● **EXERCISE DETAILS**
Retype only what runs from the first line of the listing to the line holding "Child pose lat", both included. Do not retype the pictures.

● **THE DATA**
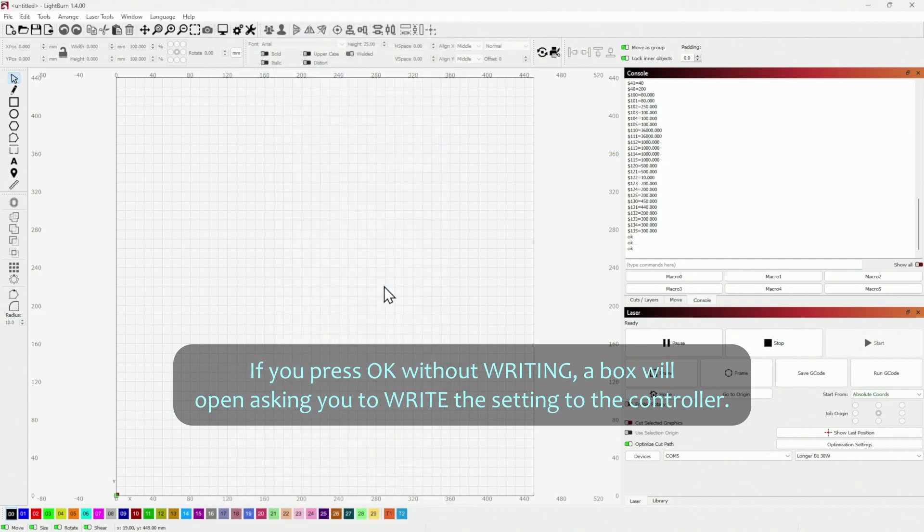Now you have to turn off your laser, move the laser head a few centimeters away from the switches, and turn the machine back on again. The settings will now work without triggering an alarm.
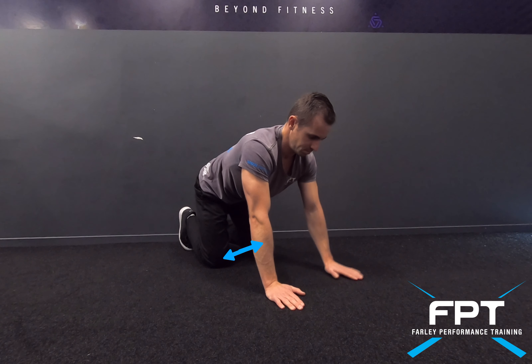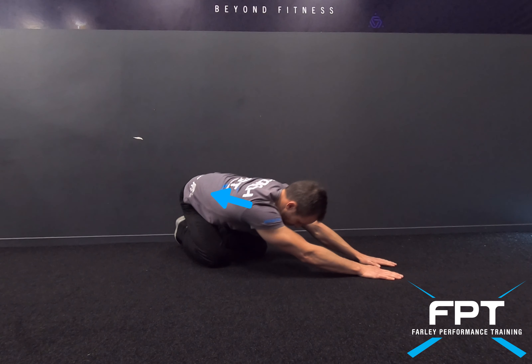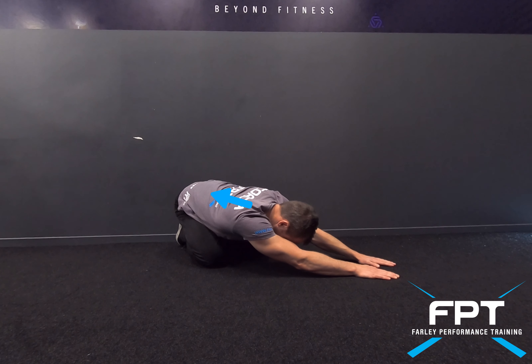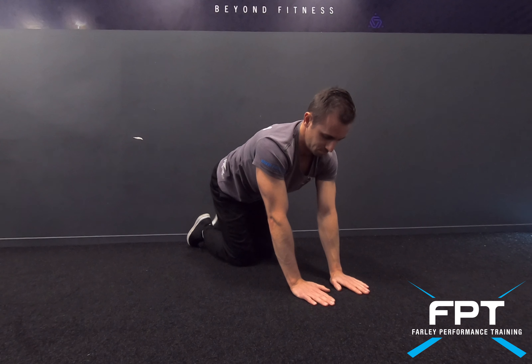Child pose lat stretch — start with feet shoulder-width apart, both arms move across the body, then pull back to create a lat stretch. Concentrate on slowing down your breathing during this pose.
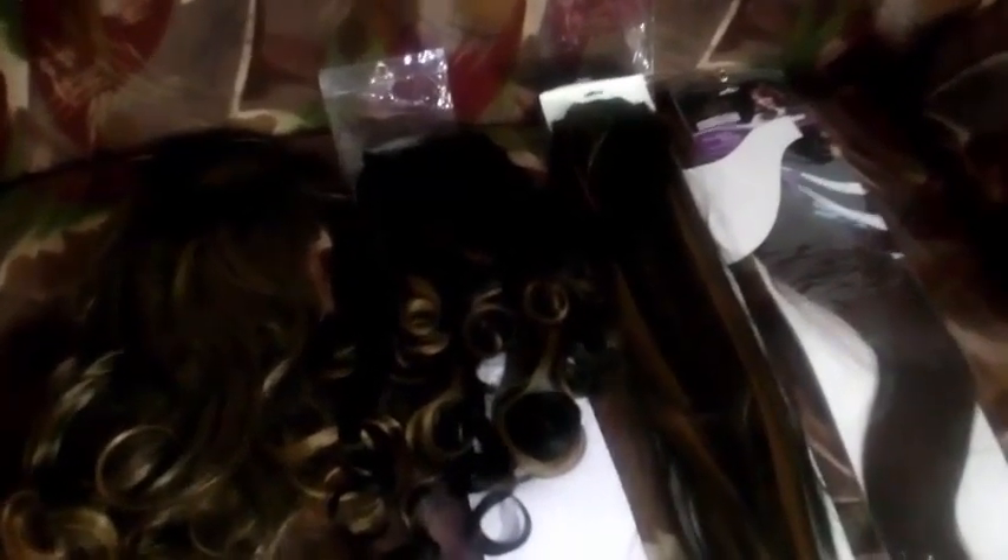Now I have to show you some more. If you want to see the bag of wigs, please give me a comment and a like. Subscribe to my channel and share my videos with your best friends and family. See you in the next video.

● **SOLUTION TO THIS TASK**
Now you have to turn off your laser, move the laser head a few centimeters away from the switches, and turn the machine back on again. The settings will now work without triggering an alarm.
Child pose lat stretch — start with feet shoulder-width apart, both arms move across the body, then pull back to create a lat stretch. Concentrate on slowing down your breathing during this pose.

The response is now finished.